Ein Poloshirt für 4,50 Euro (C&A) passt nicht mit anständigen Arbeitsbedingungen und gerechten Löhnen zusammen.
   Ein anderes Beispiel, wie mit Kunden umgegangen wird: Beim Maßanfertiger Dolzer stieg der Preis für eine Hose innerhalb von etwa 10 Jahren auf das Doppelte, obwohl die Produktion aus Deutschland fort verlegt worden war. Löhne und Gehälter der Kunden stiegen in diesen zehn Jahren aber kaum. Das passt gleich zweimal nicht zusammen:
  1. 1. kann sich der Kunde dann eben nur halb so viele Hosen leisten, was sich bei der Firma auf den Umsatz auswirken dürfte.
  2. 2.wären bei einer Fertigung in Deutschland die Lohnkosten nicht so gestiegen.
Also womit wird der verdoppelte Preis gerechtfertigt?
   Jetzt, zum Jahrestag des Fabrikeinsturzes kam heraus, dass die von den Firmen versprochenen 40 Millionen Hilfszahlungen an Hinterbliebene und Geschädigte erst 11 Millionen bezahlt haben. So lange möchte ich mir beim Bezahlen auch mal Zeit lassen dürfen!
   Von den Billiganbietern, die man wohl kaum mit Begriffen wie Redlichkeit, Faire Arbeitsbedingungen, Qualität oder Kundendienst in Beziehung setzen muss, sie hier gar nicht die Rede. Sie sind es nicht wert. Dass sie hohe Umsätze machen, weil immer mehr Menschen in Armut abrutschen, oder abzurutschen fürchten, zeigt nur, dass auch die Politik ihre Hausaufgaben nicht gemacht hat.
   Aber was soll man als Kunde machen?
  1. Man erfährt nicht, woher die Kleidung kommt.
  2. Man erfährt nicht, wie sie produziert wurde.
  3. Man kann immer schlechter erkennen, welche Qualität der Stoff hat, weil das z.B. durch Appretur verschleiert wird.
  4. Man oft auch nicht mehr die nötigen Kenntnisse hat, weil man selbst nie nähen, schneidern gelernt hat.
  5. Man die verschiedenen Siegel und deren Bedeutung kaum kennt (z.B. Ökotex 100)
  6. Das Angebot an Biokleidungsstücken gering ist und auch da wird gemogelt.
Alles in Ordnung, weil Bio?
Nein, der Kunde bekommt Kunstfaser untergejubelt!
  1. Noch geringer ist das Angebot an fair produzierten und ökologisch einwandfreien Produkten.
(Die sinkende Haltbarkeit von Schuhen haben ich ja bereits 2008 kritisiert.)
   Was denken sich eigentlich Handel und Hersteller für wen sie da sind? Für die Kunden und für die Mitarbeiter, oder für Banken und Investoren?

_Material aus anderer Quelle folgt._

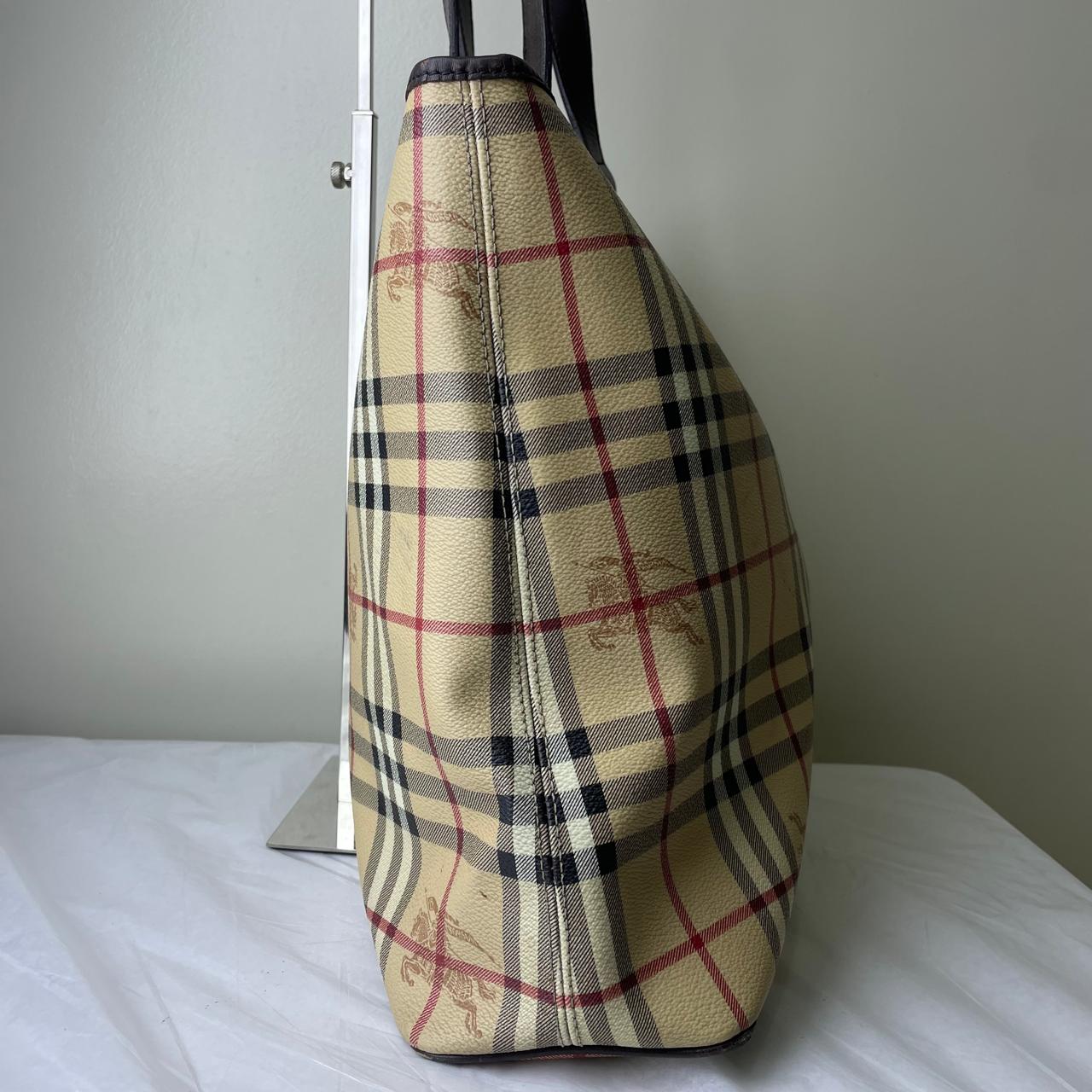 Burberry	Check Tote Bag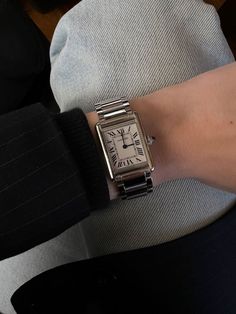 🎧 Cartier Tank Must Watch Woman, Vintage Watches Women, Cartier Watch, Luxury Aesthetic, Pink Vibes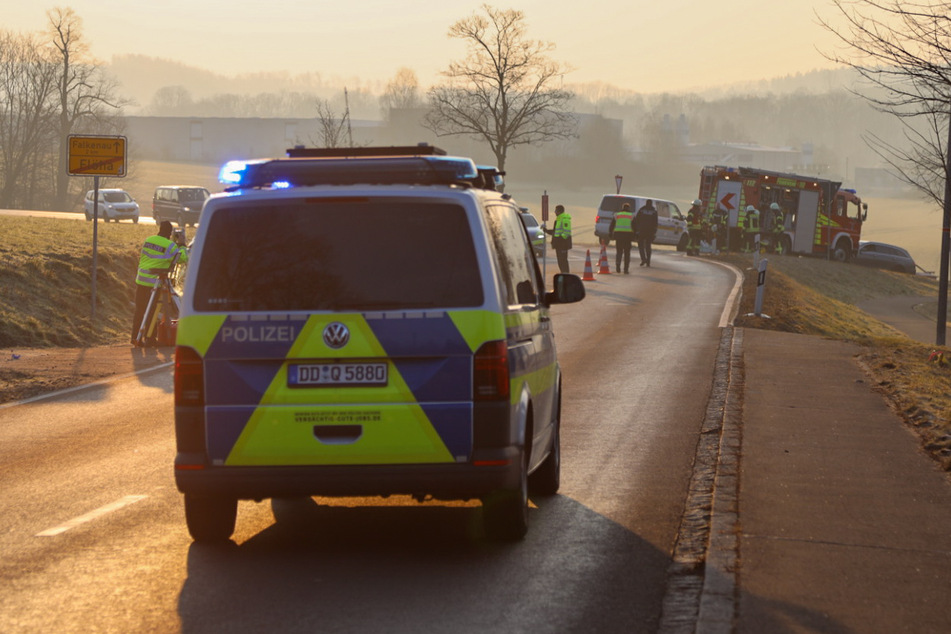 Die B173 musste nach dem Unfall komplett gesperrt werden.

Was glauben sie, wie lange man Kunden an der Nase herum führen kann, bis die das merken und sich verärgert abwenden? Oder vielleicht noch schlimmer Gleiches mit Gleichem vergelten und Ware stehlen?
   Und was kann man als Kunde machen?
   Selbst wer schneidern kann, ist noch nicht sicher, dass die Rohmaterialien unter ökologischen und sozialen Bedingungen erzeugt wurden, mit denen man kein schlechtes Gewissen zu haben braucht.
    Augen zu und durch? Also einfach das Billigste kaufen und das recht bald immer wieder, weil die Qualität der Ware immer schlechter wird? ein schlechtes Geschäft, bei dem man viel zu viel bezahlt und obendrein keine Ware bekommt, in der man sich wohl fühlen kann.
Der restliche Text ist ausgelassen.